The sophisticated sector of our society, e.g., the media, don’t much like simplistic analogies. Like, for instance, the notion that our smallest collective, the family, may be like our greatest, the nation. Yet this morning such an analogy arose in my mind. The occasion was a headline in the Wall Street Journal: “Gas Savings Not Spent Yet.” The essence here is that despite good numbers on December retail spending from private associations, national numbers from the Commerce Department indicate 0.9 percent decline in retail and food services spending as compared to November spending. And this despite a huge drop in gasoline costs?

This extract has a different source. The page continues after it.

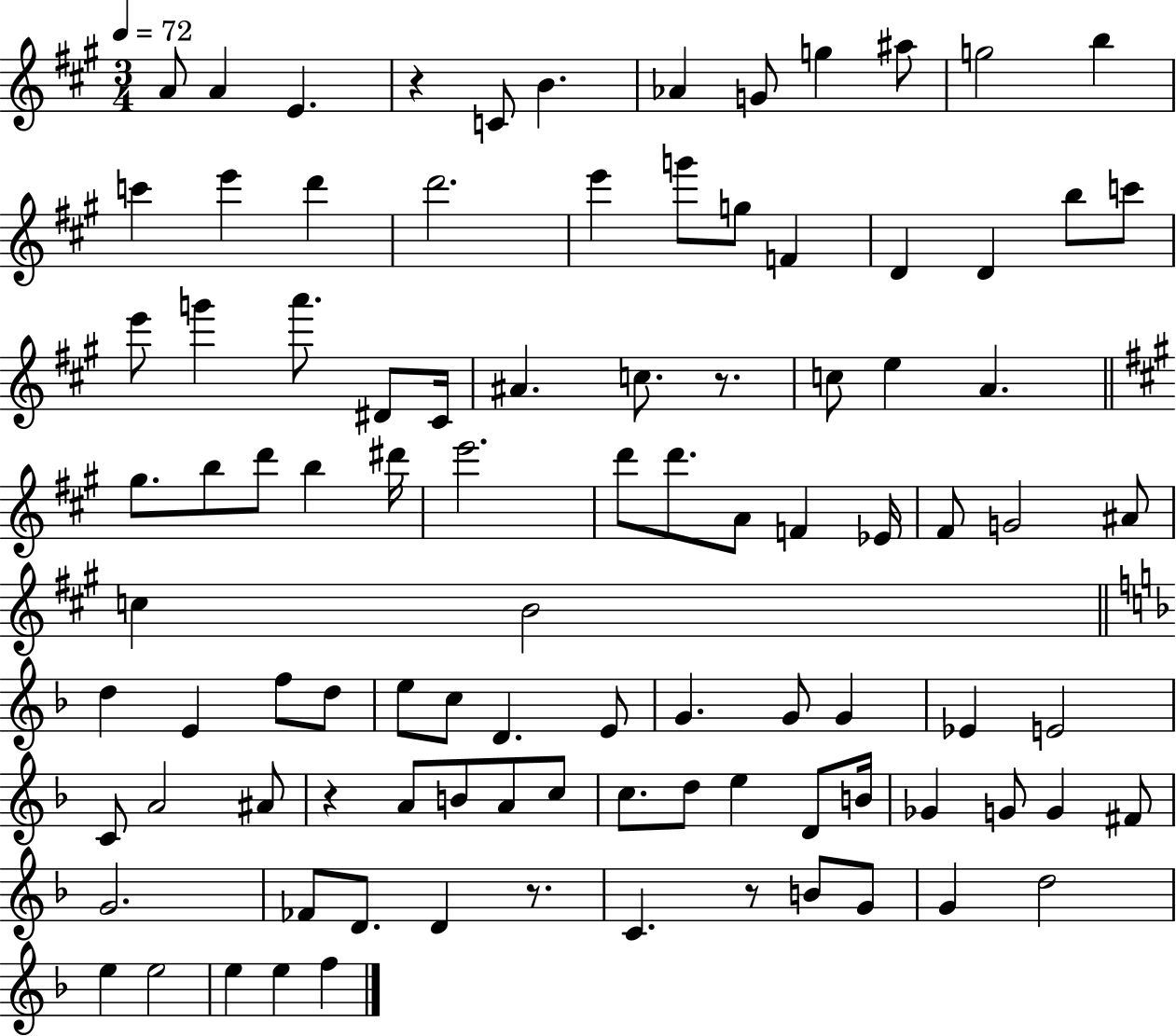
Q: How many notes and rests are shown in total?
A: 97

The key word in the headline is that word Yet. The sophisticated understanding of people is based on an artificial notion of pure economic rationality. When people have extra money, they will spend it. If they don’t now, soon they will. Nothing else matters except having money or not having it. There is no future or social dimension present at all.
But if we use a “simplistic analogy,” our economic life today is comparable to the life of a family where mom and dad are at each others’ throats and hellzapoppin. A sign of that is a story on the next page: “House Votes to Block Immigration Policy,” just a day after a frosty meeting between the President and the Congressional leadership to discuss cooperation.
In a family in uproar, the children won’t be jolly. Consumer confidence is based on many things, not least the bigger atmosphere of the social whole. And there we have Mom determined to undermine Dad and vice versa. It’s barely safe to play, with half a mind, behind the couch, while in the kitchen things are heard to break on the tiled floor.